Sprachun:sinn

Von G. John, Vereinsmitglied

Wir sind ja sooo liberal! Ja – selbst unsere deutsche Sprache verhunzen wir, zu Gunsten fragwürdiger „Gleichstellung“.

Doch beleuchten wir doch mal die neuen Wortungetüme: Doktor:in, Arbeiter:in etc., da kann man(n?) ja noch folgen. Doch plötzlich bin ich als Mann nur noch ein KUND, ein EXPERT, ein BEAMT… denn nun folgt auch - und besonders auffällig - sprachlich das :in bzw. :innen.

Auch der plurale Mann wird nun abgeschafft und existiert häufig nur noch im Singular, denn Kund:en, Expert:en, Beamt:en, Patient:en, Doktor:en, Student:en, Soldat:en usw. gibt es ja nicht mehr, nur noch Kund:in(nen), Expert:in(nen), Beamt:in(nen), Patient:in(nen), Doktor:in(nen), Student:in(nen), Soldat:in(nen) usw.

Selbst Bezeichnungen, die Singular sächlich sind, funktionieren im Plural nicht mehr, z.B. Verwaltungsfachangestellte , Rechtsanwaltsgehilfe, Sprechstundenhilfe…
Die Aushilfe müsste dann gleichstellt zu „der Aushelfer“ werden, oder?
Männliche Hebammen nennt man übrigens Geburtshelfer und Krankenbrüder gibt es auch nicht.

Das sind lediglich ein paar von vielen hundert weiteren Wortschöpfungsungetümen, meist zu Lasten des Maskulinums. Gleichstellung???

Wenn wir eine sprachliche Gleichstellung erreichen wollen, sollten wir einfach zwei der typisch deutschen Artikel streichen, nämlich „die und „der“. Übrig bleiben würde - wie im Englischen das THE - das Neutrum DAS!

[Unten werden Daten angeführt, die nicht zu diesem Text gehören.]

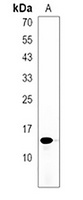 POLR2J3 Rabbit Polyclonal Antibody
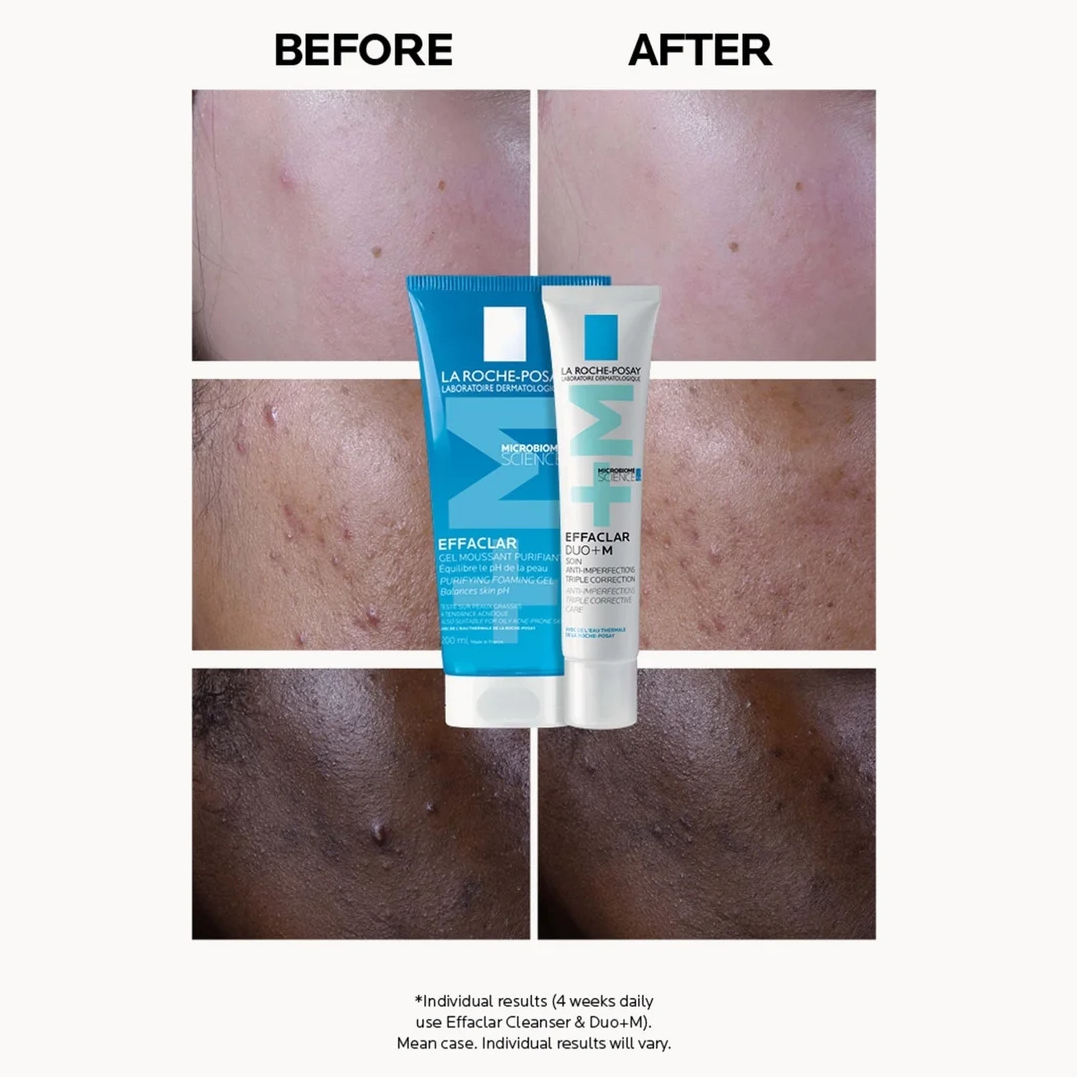 A before-and-after comparison collage showing skin results, with two skincare tubes centered over the split images. The tubes are blue and white with visible La Roche-Posay branding.
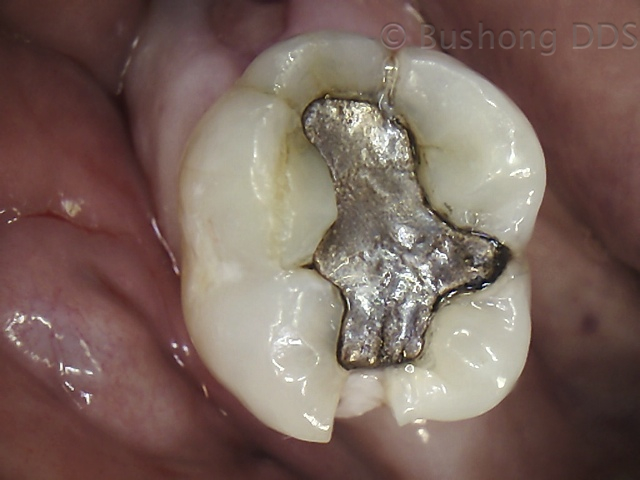 tooth with cavity fillings at Alamo Ranch Dental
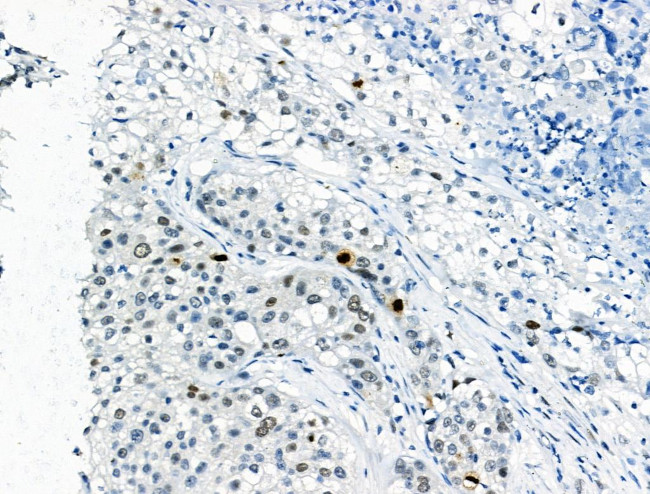 Phospho-EZH2 (Thr345) Antibody in Immunohistochemistry (Paraffin) (IHC (P))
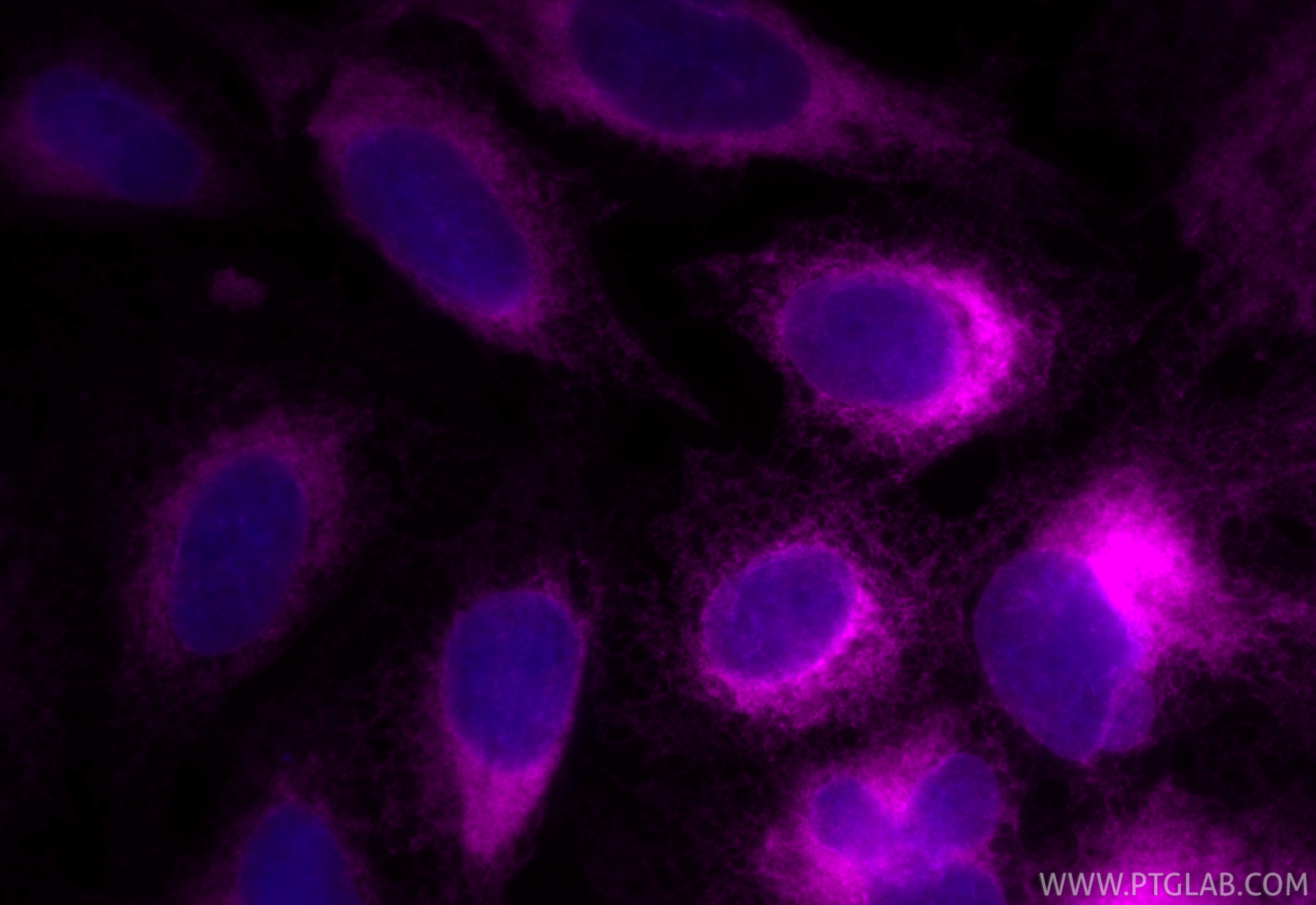 IF Staining of U2OS using CL647-11200 IF Staining of U2OS using CL647-11200
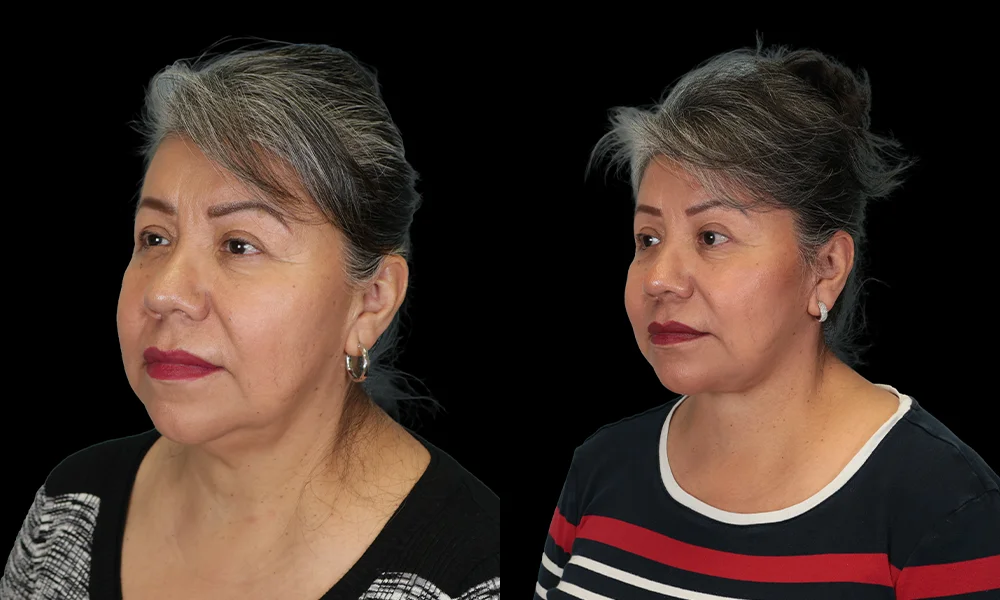 Real patient results in New York, NY Performed by Sameer Halani, MD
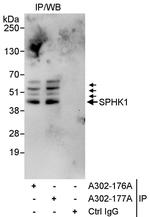 SPHK1 Polyclonal Antibody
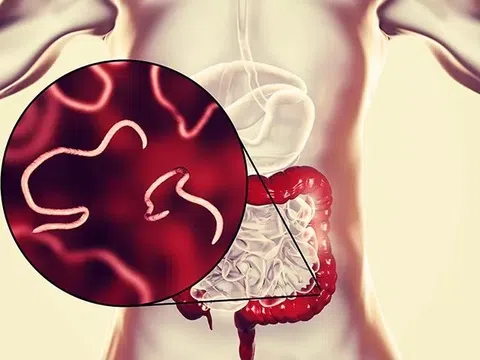 Dấu hiệu nhận biết bạn đã nhiễm giun kim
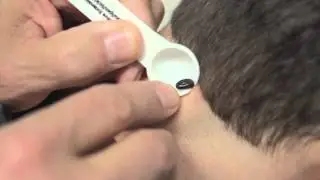 Tick Removal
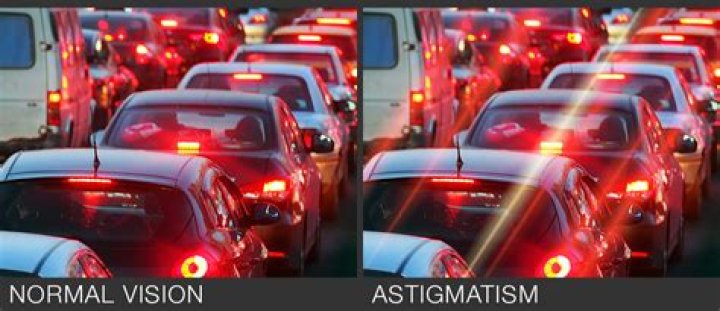 Living With Astigmatism (2022)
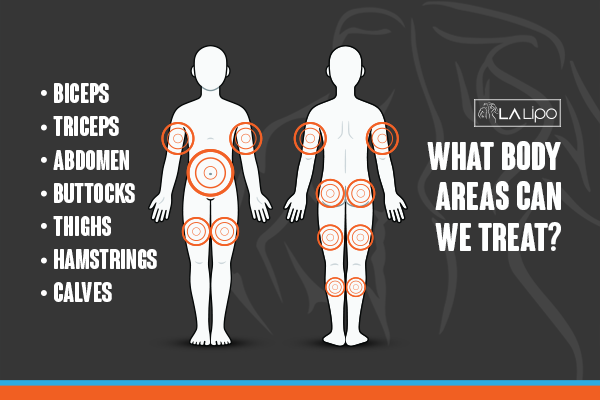 Diagram to show areas you can have LA-EMS Body Sculpting Treatment Bagshot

DAS Doktor, DAS Arbeiter, DAS Experte, DAS Patient etc. pp.

Gewöhnungsbedürftig? Ja, sicher! Ebenso die Wortneuschöpfungen, die Gleichstellung wollen, doch diese nicht schaffen. „DAS“ wäre nun wirklich neutral – und ein:e Nicht-Deutsch-Muttersprachliche:r wäre unendlich dankbar, den Unsinn der drei Artikel nicht mehr lernen zu müssen. ;-)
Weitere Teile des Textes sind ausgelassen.